### How to complete this task
Every single entry needs to appear again exactly as given.
--- START ---
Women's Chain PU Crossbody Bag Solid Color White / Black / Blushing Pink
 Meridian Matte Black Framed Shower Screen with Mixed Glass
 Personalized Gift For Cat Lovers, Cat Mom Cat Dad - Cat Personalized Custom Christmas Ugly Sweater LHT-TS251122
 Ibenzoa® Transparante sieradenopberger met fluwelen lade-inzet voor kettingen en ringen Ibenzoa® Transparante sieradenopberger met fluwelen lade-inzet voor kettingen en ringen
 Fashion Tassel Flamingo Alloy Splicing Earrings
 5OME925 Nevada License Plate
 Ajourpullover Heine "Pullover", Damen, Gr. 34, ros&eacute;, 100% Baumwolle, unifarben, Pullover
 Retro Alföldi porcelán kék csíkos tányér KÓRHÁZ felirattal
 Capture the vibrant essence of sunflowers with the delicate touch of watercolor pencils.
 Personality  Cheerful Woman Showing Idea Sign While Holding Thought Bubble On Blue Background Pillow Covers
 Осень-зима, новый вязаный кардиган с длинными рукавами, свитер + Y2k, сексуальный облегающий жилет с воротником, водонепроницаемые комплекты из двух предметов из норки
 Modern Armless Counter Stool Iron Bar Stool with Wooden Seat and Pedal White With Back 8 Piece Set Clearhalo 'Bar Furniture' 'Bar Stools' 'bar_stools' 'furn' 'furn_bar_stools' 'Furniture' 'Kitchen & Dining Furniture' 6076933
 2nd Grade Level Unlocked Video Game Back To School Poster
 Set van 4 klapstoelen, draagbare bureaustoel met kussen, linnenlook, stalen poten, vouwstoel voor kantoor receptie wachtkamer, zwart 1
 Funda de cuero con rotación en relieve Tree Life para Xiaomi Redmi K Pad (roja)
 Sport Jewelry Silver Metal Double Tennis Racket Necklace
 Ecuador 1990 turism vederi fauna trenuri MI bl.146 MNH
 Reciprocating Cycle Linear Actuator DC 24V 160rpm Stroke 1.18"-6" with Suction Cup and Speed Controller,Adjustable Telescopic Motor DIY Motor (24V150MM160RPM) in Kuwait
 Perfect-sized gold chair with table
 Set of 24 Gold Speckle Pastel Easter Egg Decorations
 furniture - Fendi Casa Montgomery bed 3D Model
--- END ---
### Response
Women's Chain PU Crossbody Bag Solid Color White / Black / Blushing Pink
 Meridian Matte Black Framed Shower Screen with Mixed Glass
 Personalized Gift For Cat Lovers, Cat Mom Cat Dad - Cat Personalized Custom Christmas Ugly Sweater LHT-TS251122
 Ibenzoa® Transparante sieradenopberger met fluwelen lade-inzet voor kettingen en ringen Ibenzoa® Transparante sieradenopberger met fluwelen lade-inzet voor kettingen en ringen
 Fashion Tassel Flamingo Alloy Splicing Earrings
 5OME925 Nevada License Plate
 Ajourpullover Heine "Pullover", Damen, Gr. 34, ros&eacute;, 100% Baumwolle, unifarben, Pullover
 Retro Alföldi porcelán kék csíkos tányér KÓRHÁZ felirattal
 Capture the vibrant essence of sunflowers with the delicate touch of watercolor pencils.
 Personality  Cheerful Woman Showing Idea Sign While Holding Thought Bubble On Blue Background Pillow Covers
 Осень-зима, новый вязаный кардиган с длинными рукавами, свитер + Y2k, сексуальный облегающий жилет с воротником, водонепроницаемые комплекты из двух предметов из норки
 Modern Armless Counter Stool Iron Bar Stool with Wooden Seat and Pedal White With Back 8 Piece Set Clearhalo 'Bar Furniture' 'Bar Stools' 'bar_stools' 'furn' 'furn_bar_stools' 'Furniture' 'Kitchen & Dining Furniture' 6076933
 2nd Grade Level Unlocked Video Game Back To School Poster
 Set van 4 klapstoelen, draagbare bureaustoel met kussen, linnenlook, stalen poten, vouwstoel voor kantoor receptie wachtkamer, zwart 1
 Funda de cuero con rotación en relieve Tree Life para Xiaomi Redmi K Pad (roja)
 Sport Jewelry Silver Metal Double Tennis Racket Necklace
 Ecuador 1990 turism vederi fauna trenuri MI bl.146 MNH
 Reciprocating Cycle Linear Actuator DC 24V 160rpm Stroke 1.18"-6" with Suction Cup and Speed Controller,Adjustable Telescopic Motor DIY Motor (24V150MM160RPM) in Kuwait
 Perfect-sized gold chair with table
 Set of 24 Gold Speckle Pastel Easter Egg Decorations
 furniture - Fendi Casa Montgomery bed 3D Model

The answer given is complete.